The task calls for an exact retyping of the lines from the one holding "Sofur Waterproof Dog" through the end of the listing, with pictures omitted and nothing added.

Start of Provided data

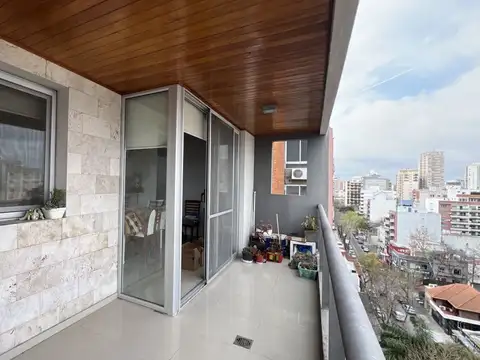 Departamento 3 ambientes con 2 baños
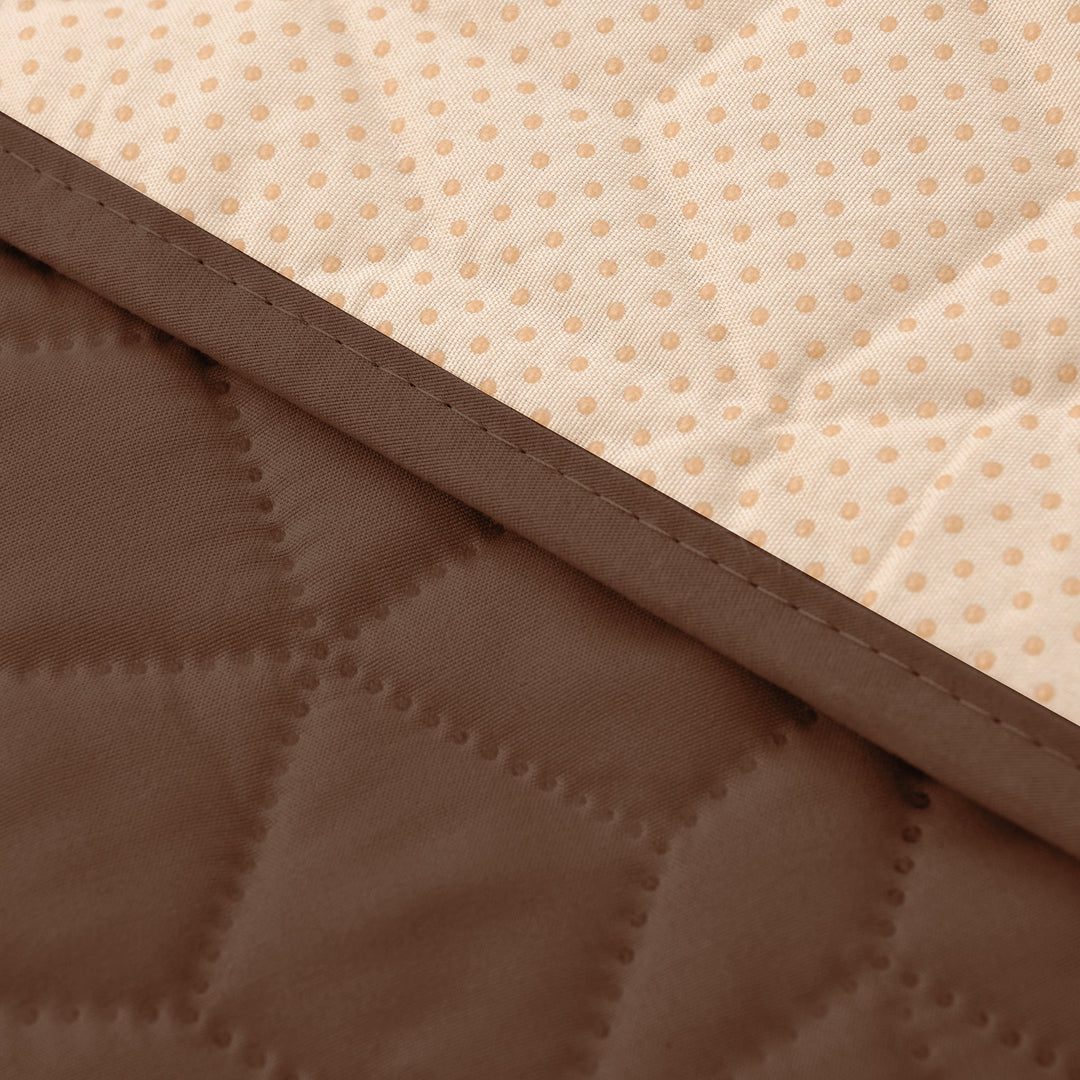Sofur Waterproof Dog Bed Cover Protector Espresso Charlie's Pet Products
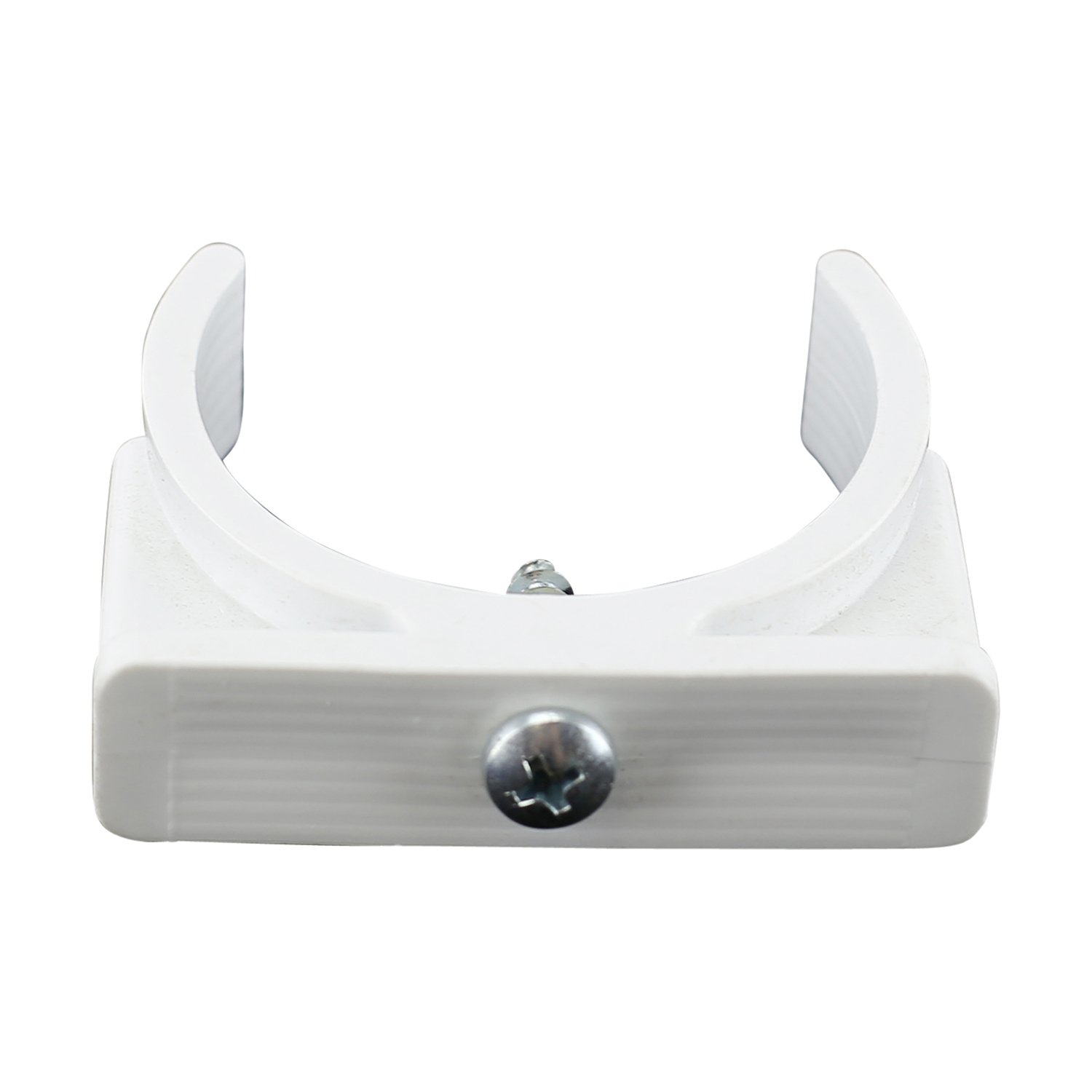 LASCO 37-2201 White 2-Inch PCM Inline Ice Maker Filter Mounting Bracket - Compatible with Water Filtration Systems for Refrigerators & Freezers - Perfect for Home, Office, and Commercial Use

End of Provided data

Answer space:
Sofur Waterproof Dog Bed Cover Protector Espresso Charlie's Pet Products
 LASCO 37-2201 White 2-Inch PCM Inline Ice Maker Filter Mounting Bracket - Compatible with Water Filtration Systems for Refrigerators & Freezers - Perfect for Home, Office, and Commercial Use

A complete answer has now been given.